Print the line containing "are speakers covered under car warranty" and all lines after it to the end of the records below, exactly as written. No pictures.

==*==

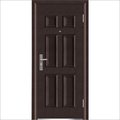 Industrial Security Door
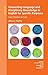Connecting Language and Disciplinary Knowledge in English for Specific Purposes: Case Studies in Law (New Perspectives on Language and Education Book 55)
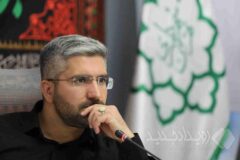 آمادگی شهرداری منطقه۱۳ برای میزبانی از ۱۰۰ هزار زائر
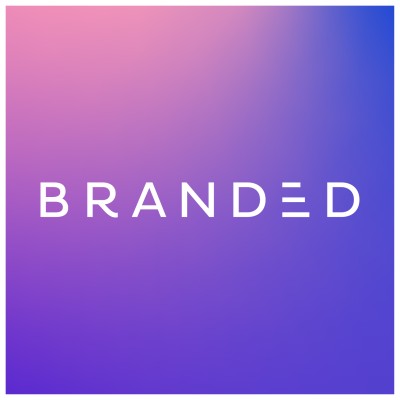 BRANDED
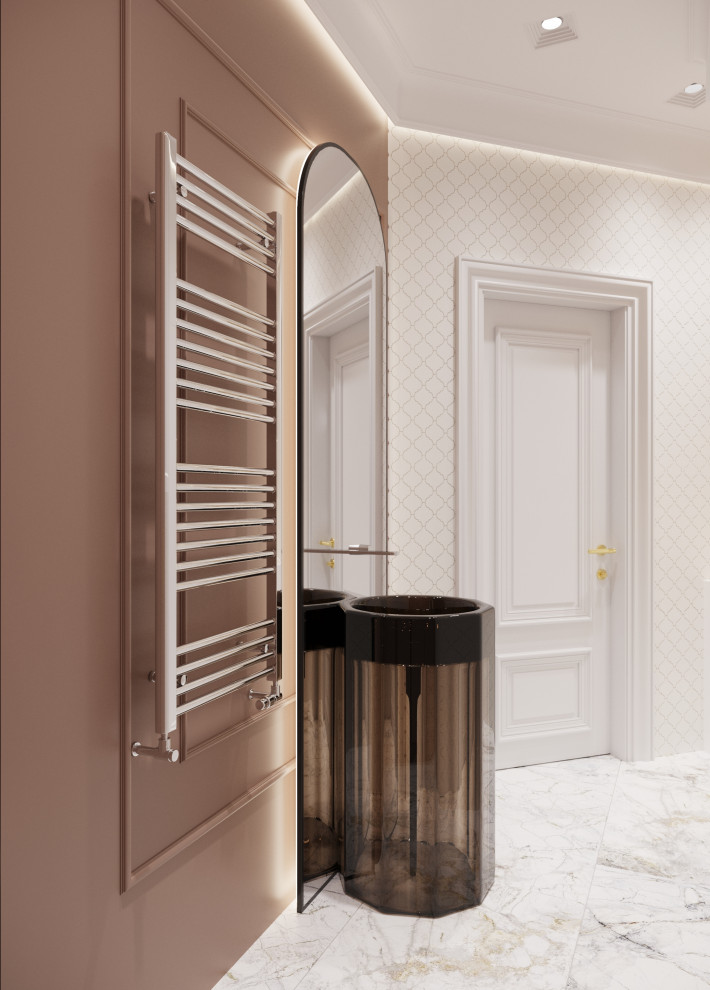 Дом на Пресне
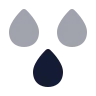 Rain icon preview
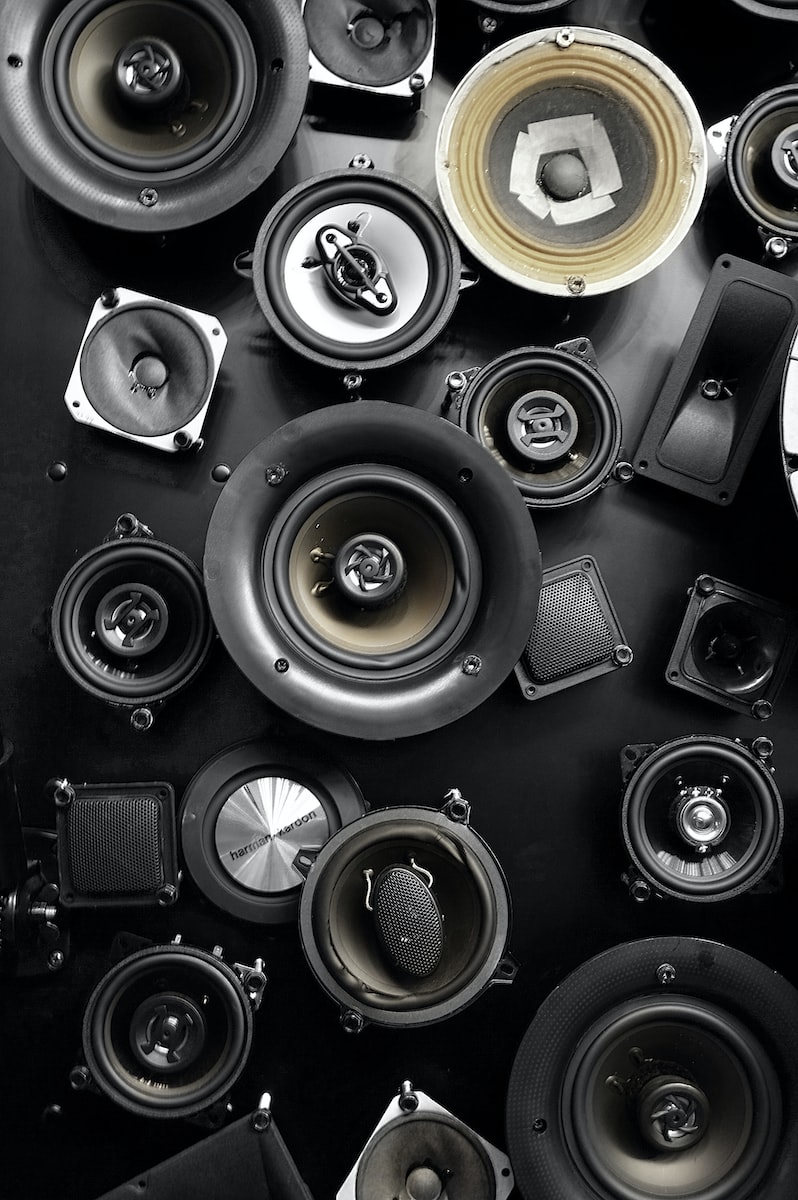 are speakers covered under car warranty 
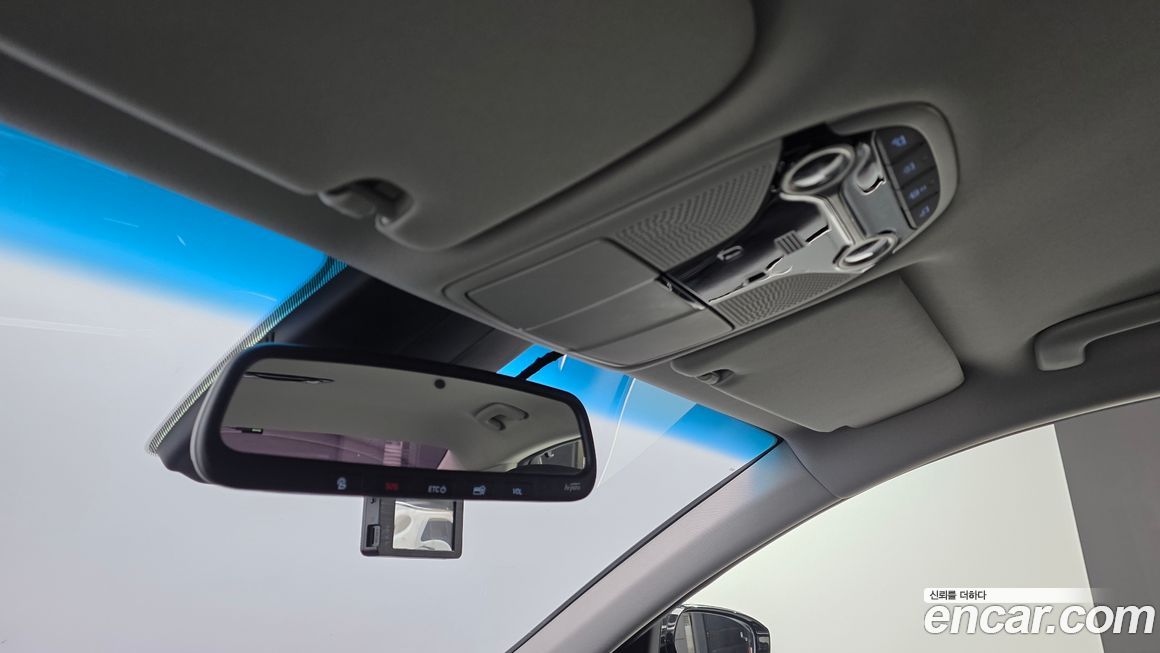 Hyundai Grandeur 2019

==*==

RESULT:
 are speakers covered under car warranty 
 Hyundai Grandeur 2019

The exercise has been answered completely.